As if you didn't know, Ridge Racer is all about max throttle whenever you're pressing the gas. I have no idea why the machine even had a brake pedal.
In 1994, the idea of a big, mainstream videogame having Gabba in its soundtrack was fucking wild. For the most part, actual hardcore dance music was fairly absent. Instead, you got videogame composer ‘ideas’ of dance music, which were generally awful. And yes, I even mean that embarrassingly thin version of Megablast from Xenon 2. Ridge Racer was the first game I recall having raw, uncompromised rave tunes. They had a certain Japanese sensibility, but retained a credible edge. This thrilled almost as much as the visuals.
Tekken on a Japanese import, playing in greyscale with a tiny pad. Extraordinarily stoned, I spent an entire night button-mashing each character’s arcade mode and retired with the kind of cramps in my thumb muscles that I hadn’t seen since trying to waggle a Speedking as furiously as possible to secure victory in Daley Thompson’s Decathlon.

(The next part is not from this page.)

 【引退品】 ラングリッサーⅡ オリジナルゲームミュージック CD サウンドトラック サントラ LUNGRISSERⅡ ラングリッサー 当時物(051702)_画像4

Sharing a similar, but far smaller, place is the Destruction Derby demo. Where Ridge Racer promised the arcade, Destruction Derby showed the power of polygons to simulate damage and deformation. Considering the previous best was Chase HQ, the leap felt chasmic.
There is a certain sadness that Ridge Racer and Tekken were launch stablemates for two generations but not that final third one. There’s a nobility in preserving the lineage of arcade archetypes on home machines that peters out at 360/PS3. Perhaps fittingly so.

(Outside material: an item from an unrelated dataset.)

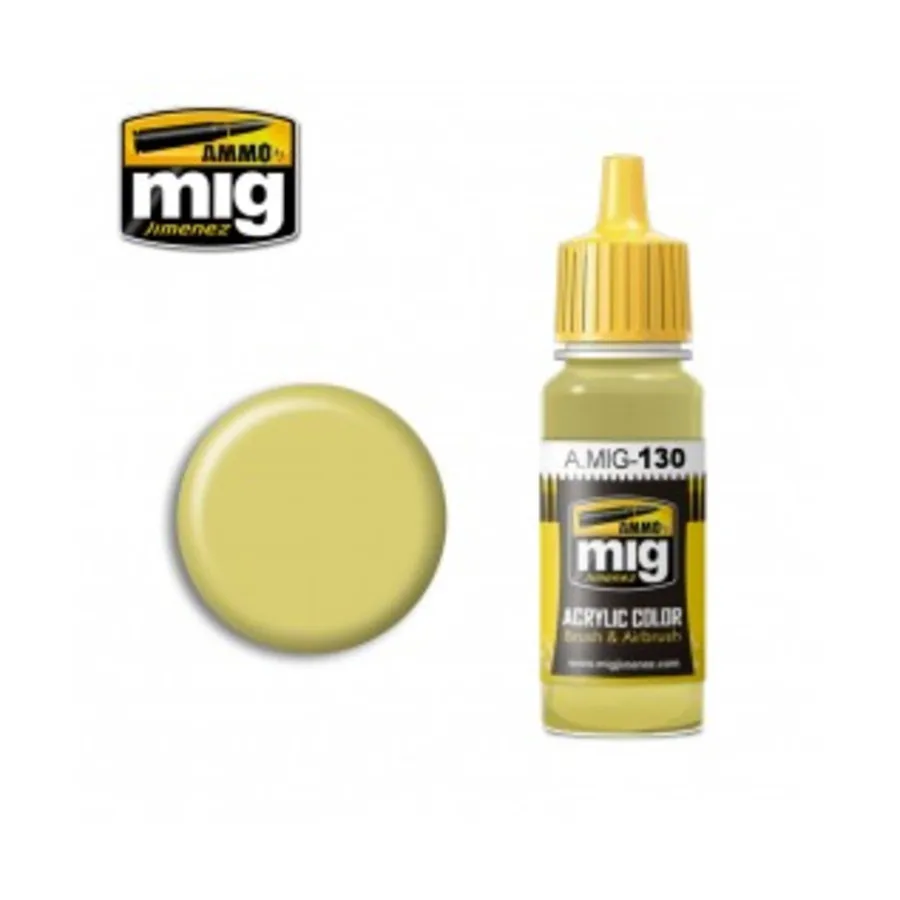 Выцветший желтый, Acrylic Singles - Yellows
Выцветший желтый, Acrylic Singles - Yellows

It’s important to note that children of the 1980s were frequently shown glimpses of professional realtime simulations via TV, in the form of pilot training clips, accident reconstructions and so on. Gameshow The Krypton Factor eventually included a flight simulator as a regular round in the weekly competition. The values of the time prised high resolutions but hardware constraints meant low detail, impressing a geometric aesthetic style that defines the then cutting edge.
I am certain that Ridge Racer 7 style is informed by the same light trails of Akira’s signature motocycle battle and Golgo 13’s car sequence.